A traditional Singaporean shophouse provides a ’fun but functional’ fashion retail space that takes its name from the game of hide and seek, and plays around with the concept of dark and light.

Key facts

PROJECT: Hide & Seek, Singapore
DESIGNER: Farmwork
CLIENT: Keith Png
SIZE: 200square meter
COST: GBP18,500
COMPLETION TIME: Three months

Project description

Masked by the plain white brick facade of a post-war shophouse in Singapore’s Chinatown, Hide & Seek is a fashion boutique ‘with a split personality’, says the designer, Farmwork. Even before he bought it, fashion designer Keith Png had already chosen the name for his store and planned to use one floor to display his own tailored designs, and the other to showcase local designers. The name is both a play on play and on the contrast between the blacked-out ground floor and the lit space above.

The traditional South East Asian shophouse is terraced and shares a common frontage and arcade with its neighbors. The arcade runs parallel to the road. Behind the arcade, the ‘shop’ is an open-fronted space on the ground floor. And there is one, or more, floors of accommodation over both the shop and arcade. When the doors or shutters on the ground floor are closed, the interior is dark but the rooms above have windows.

At Hide & Seek, the lower floor, Hide, accommodates Png’s ready-to-wear Koops label. Every surface is dark: everything is painted black and given the ‘character of a shophouse typology – no windows appears along its length’, explains Farmwork associate Torrance Goh. The only light comes from a series of dimmable strip lights incorporated into aluminum clothes rails in small alcoves and a Bourgie table lamp by Ferruccio Laviani for Kartell. Near the centre of the space, dresses are hung from the lights, but it is so dim that the clothes seem to float.

Goh believes that the upper floor was once ‘the roof of the shophouse, but it must have been covered and made internal many years back, leaving a strip of windows all around.’

Seek, on the other hand, is full of light and color. Reached by a bright red staircase, dubbed the ampersand, Seek uses color to denote the collections of various designers. Each range hangs along a band of color that travels across the floor, up the walls and windows and on to the ceiling. The clothes are hung from veneered plywood ‘swings’ suspended from the ceiling with ropes.

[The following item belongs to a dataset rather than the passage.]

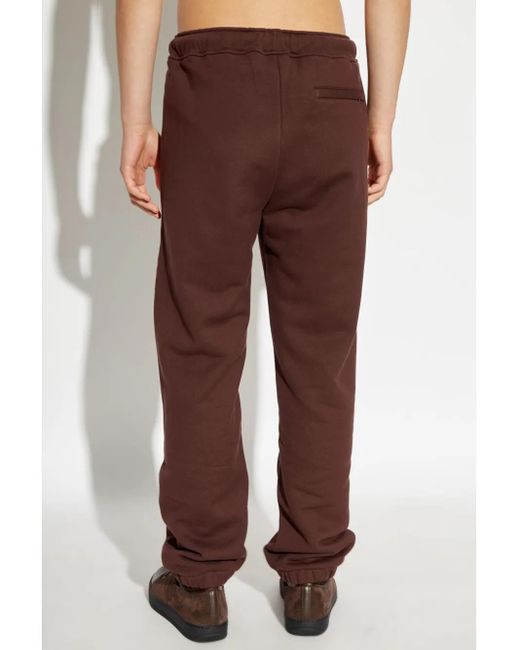 Lanvin Brown Logo-embroidered Track Pants for men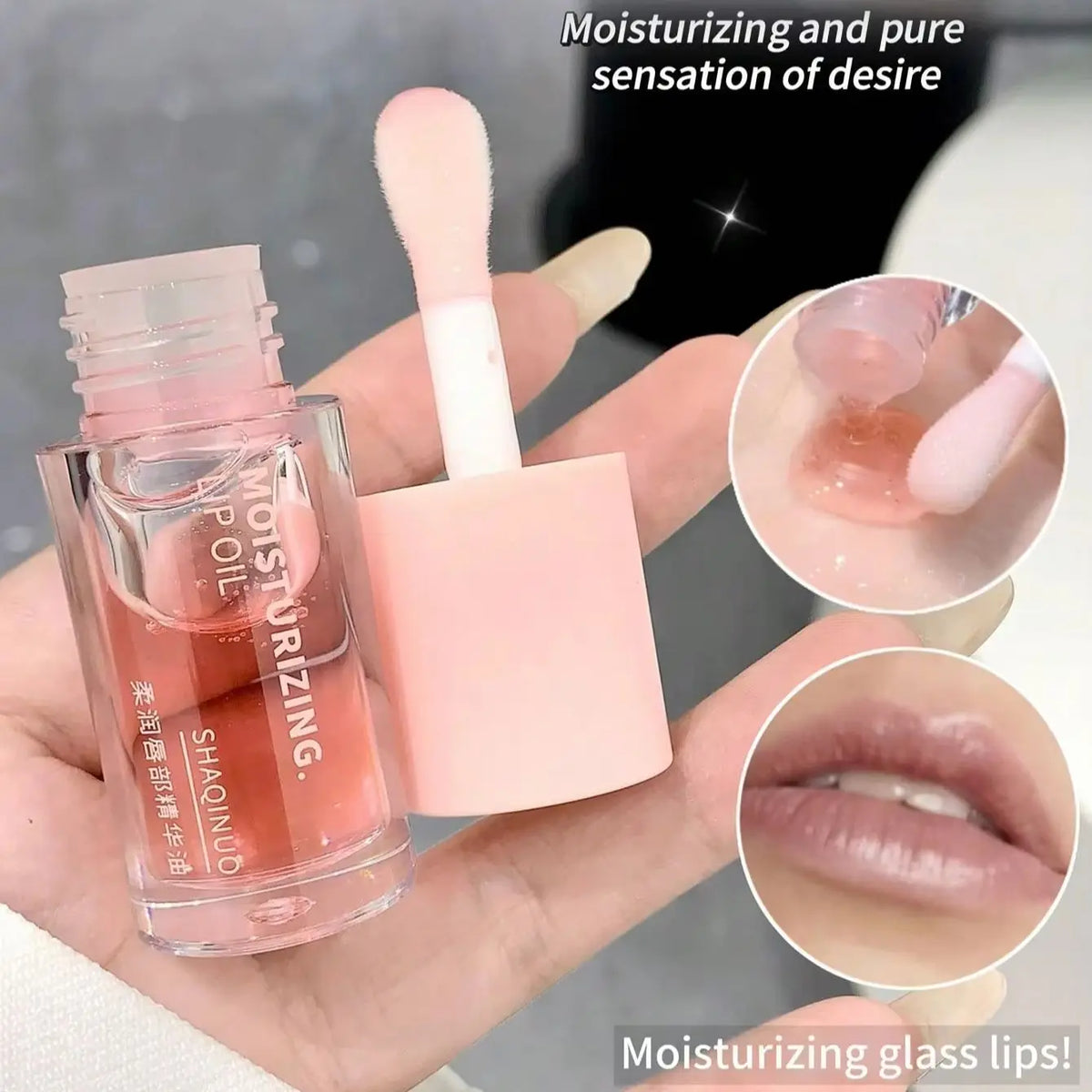 3.2g Water Light Mirror Lip Gloss Moisturizing Crystal Lip Oil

His idea was to create a playground in the shop, with merry-go-round displays and monkey bars for hanging clothes. The scheme, intended to be ‘both functional and fun’, has proved popular with clients but Seek, in particular, has been used for fashion photo shoots.

Project suppliers

• Joinery and some furniture custom-made by local carpenters.
• Some lighting recycled from previous space.